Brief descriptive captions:
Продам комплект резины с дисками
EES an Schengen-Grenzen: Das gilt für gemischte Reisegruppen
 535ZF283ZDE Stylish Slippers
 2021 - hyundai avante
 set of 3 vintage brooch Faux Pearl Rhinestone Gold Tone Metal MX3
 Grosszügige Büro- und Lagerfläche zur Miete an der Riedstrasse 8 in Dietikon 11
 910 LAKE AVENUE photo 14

* THE PROBLEM: What needs duplicating is the run of lines from the one containing "set of 3 vintage" through the last line of the entries above, exact and complete.

* SOLUTION FOR THIS EXERCISE:
 set of 3 vintage brooch Faux Pearl Rhinestone Gold Tone Metal MX3
 Grosszügige Büro- und Lagerfläche zur Miete an der Riedstrasse 8 in Dietikon 11
 910 LAKE AVENUE photo 14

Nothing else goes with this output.